_PROMPT_. What you return should be only the lines in the entries below between the one holding "Bmw Serie 6 630i 258 ch BVA 2019" and the one holding "OSPREY ARIEL PRO 75 silver lining", ends included, with every picture left out.

**** SUPPLIED DATA

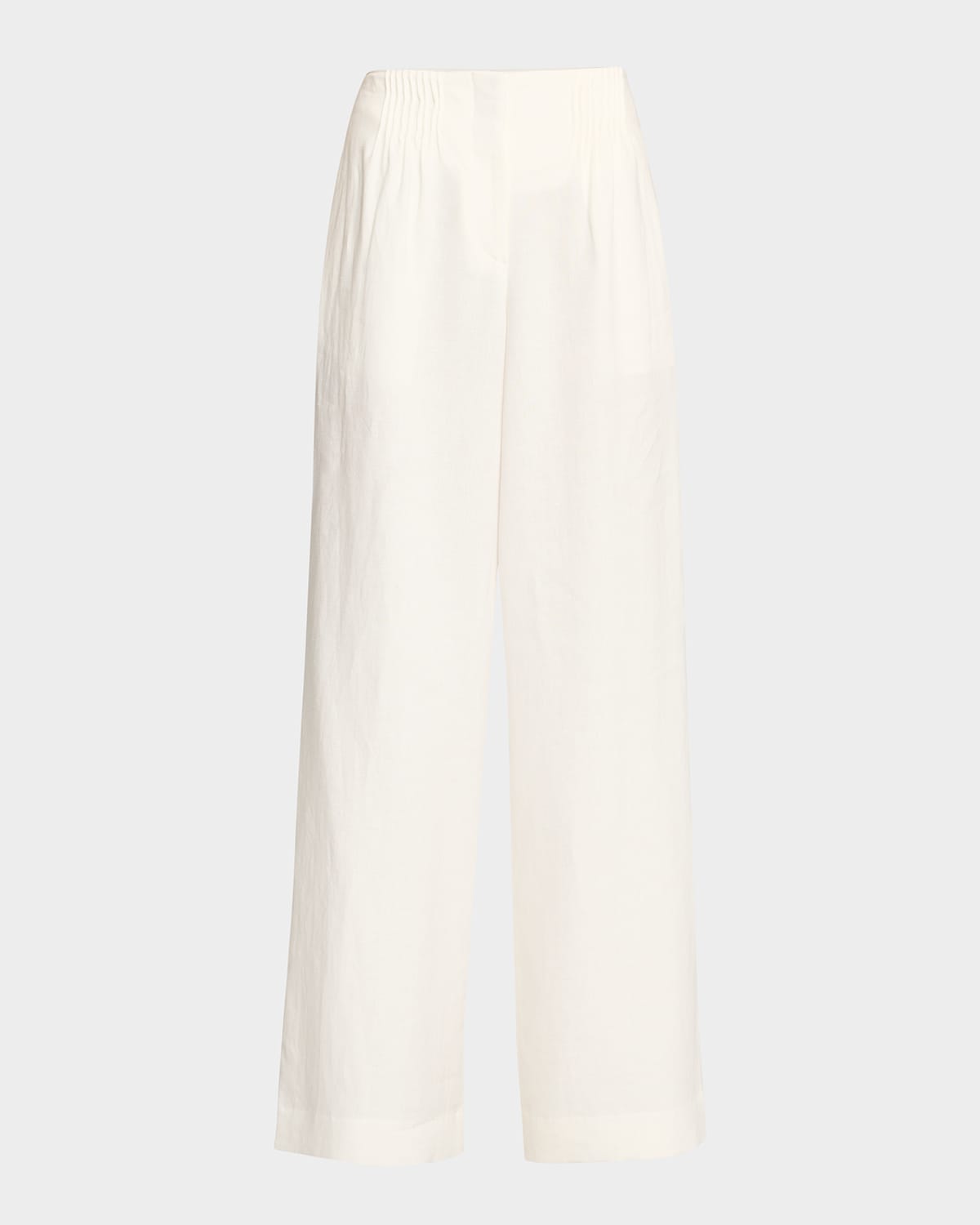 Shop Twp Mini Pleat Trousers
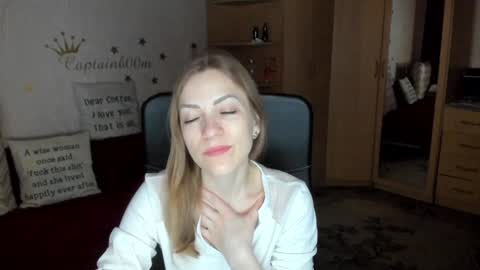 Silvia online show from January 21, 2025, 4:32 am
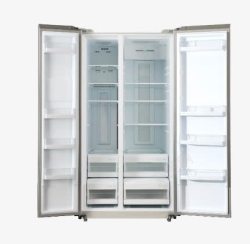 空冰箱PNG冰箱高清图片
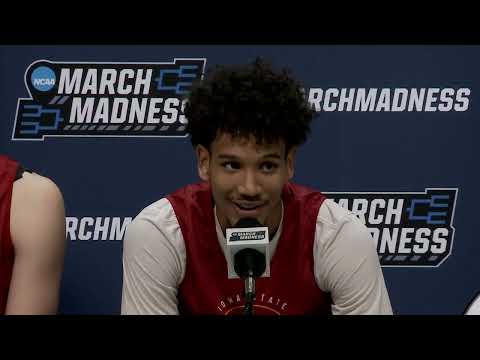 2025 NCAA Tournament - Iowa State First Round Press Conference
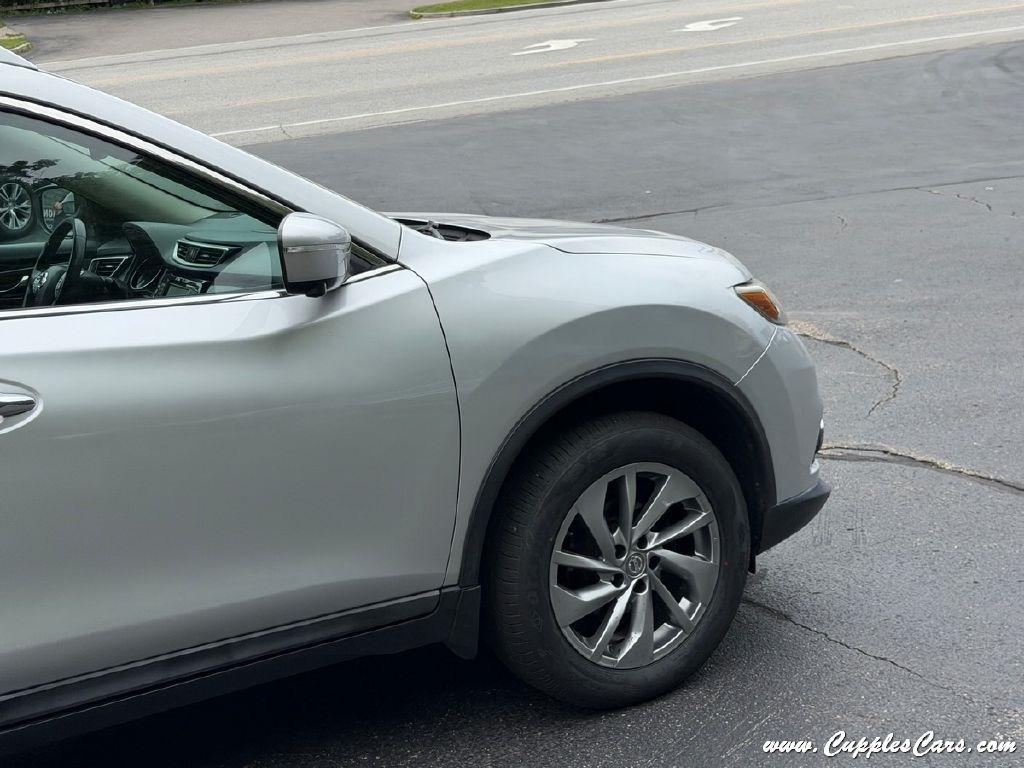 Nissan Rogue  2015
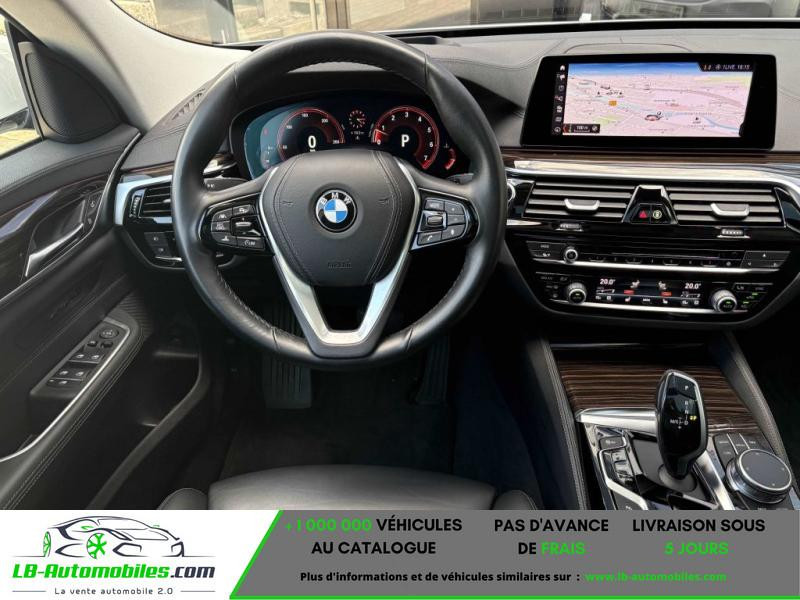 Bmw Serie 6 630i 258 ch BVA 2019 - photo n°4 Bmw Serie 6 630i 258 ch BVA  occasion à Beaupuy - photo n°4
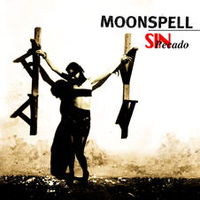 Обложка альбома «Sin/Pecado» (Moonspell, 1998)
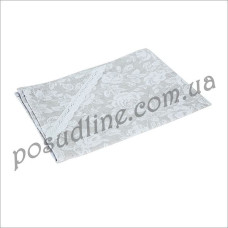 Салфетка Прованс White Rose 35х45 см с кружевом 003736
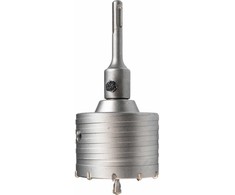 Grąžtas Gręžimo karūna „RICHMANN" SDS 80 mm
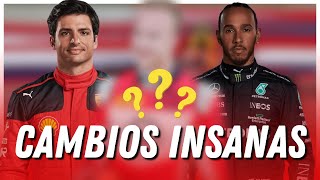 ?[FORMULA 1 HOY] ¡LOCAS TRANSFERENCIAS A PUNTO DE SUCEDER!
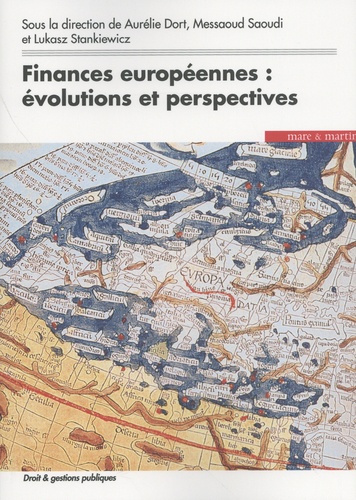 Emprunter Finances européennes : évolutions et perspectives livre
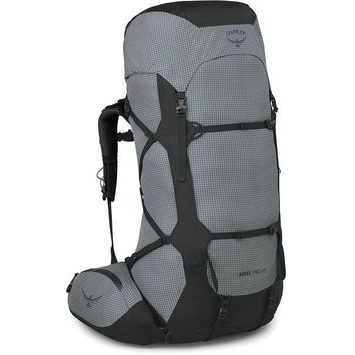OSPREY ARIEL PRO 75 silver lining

********
**** SUPPLIED DATA

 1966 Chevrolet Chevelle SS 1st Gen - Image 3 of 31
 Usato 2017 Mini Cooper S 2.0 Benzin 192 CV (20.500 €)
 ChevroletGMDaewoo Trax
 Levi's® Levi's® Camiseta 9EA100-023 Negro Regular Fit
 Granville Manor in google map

********

_EXERCISE RESULT_.
 Bmw Serie 6 630i 258 ch BVA 2019 - photo n°4 Bmw Serie 6 630i 258 ch BVA  occasion à Beaupuy - photo n°4
 Обложка альбома «Sin/Pecado» (Moonspell, 1998)
 Салфетка Прованс White Rose 35х45 см с кружевом 003736
 Grąžtas Gręžimo karūna „RICHMANN" SDS 80 mm
 ?[FORMULA 1 HOY] ¡LOCAS TRANSFERENCIAS A PUNTO DE SUCEDER!
 Emprunter Finances européennes : évolutions et perspectives livre
OSPREY ARIEL PRO 75 silver lining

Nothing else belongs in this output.